(Short descriptive text snippets)
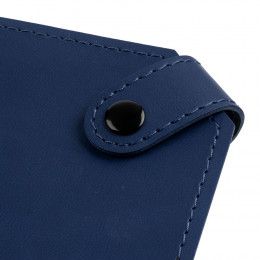 Ежедневник Angle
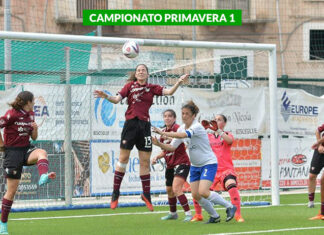 Tutti i verdetti della serie C: Benvenute in B Lumezzane, Meran e Vis Mediterraneo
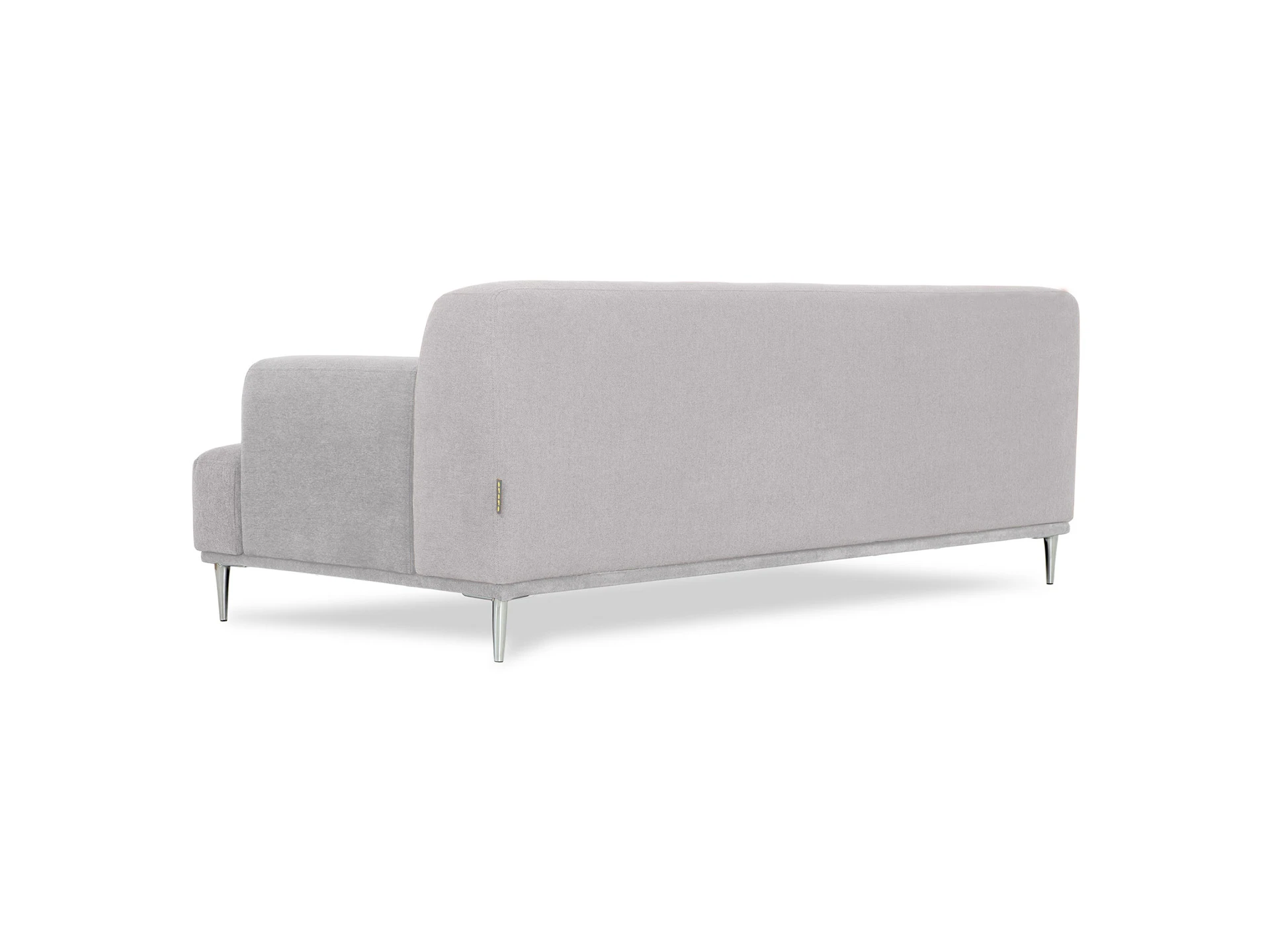 Диван Portofino 2-х местный в интернет-магазине в Москве Диван Portofino 2-х местный в интернет-магазине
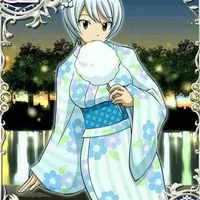 Yukino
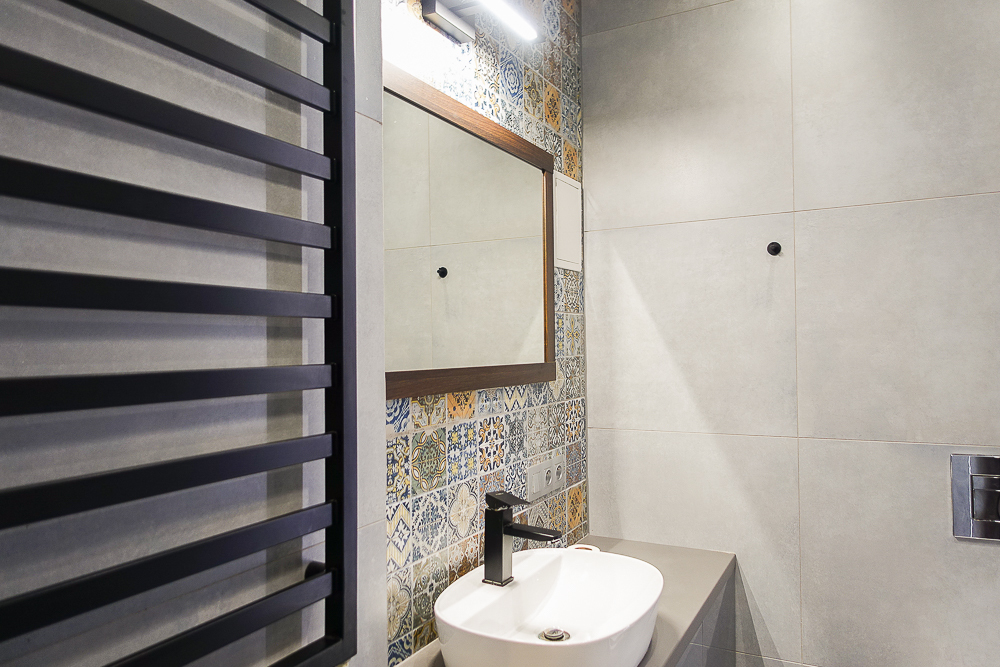 Mieszkanie na wynajem Szczecin, Stare Miasto 42 m2 | Arka Nieruchomości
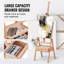 VEVOR Easel
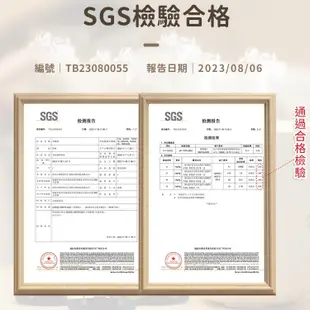 【SGS認證】水溶性香薰精油 香氛精油 水溶性精油 香氛精油 水氧機精油 薰衣草精油 玫瑰精油 芳香精油 香薰精油 精油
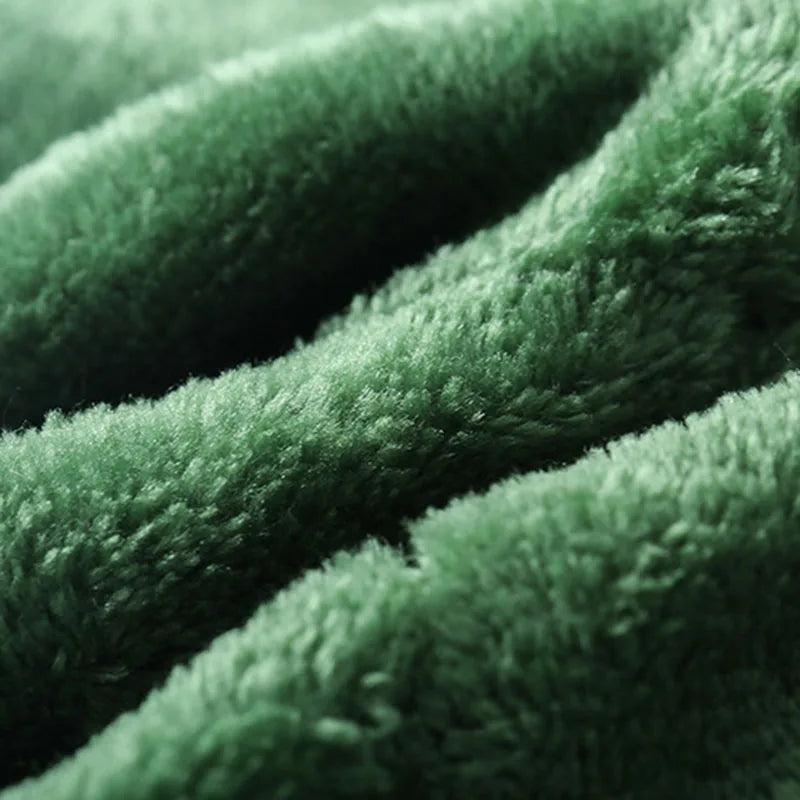 Winter Dog Clothes Warm Fleece Pet Dogs Hoodies Pet Clothes for Small Dogs Chihuahua Puppy Cats Jacket Coat Dog Jumpsuit Costume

*WHAT TO DO*
Whatever lies between the first line of the data and the line holding "芳香精油 香薰精油 精油", inclusive, should be repeated exactly, apart from the pictures.

*FINISHED TASK*
 Ежедневник Angle
 Tutti i verdetti della serie C: Benvenute in B Lumezzane, Meran e Vis Mediterraneo
 Диван Portofino 2-х местный в интернет-магазине в Москве Диван Portofino 2-х местный в интернет-магазине
 Yukino
 Mieszkanie na wynajem Szczecin, Stare Miasto 42 m2 | Arka Nieruchomości
 VEVOR Easel
 【SGS認證】水溶性香薰精油 香氛精油 水溶性精油 香氛精油 水氧機精油 薰衣草精油 玫瑰精油 芳香精油 香薰精油 精油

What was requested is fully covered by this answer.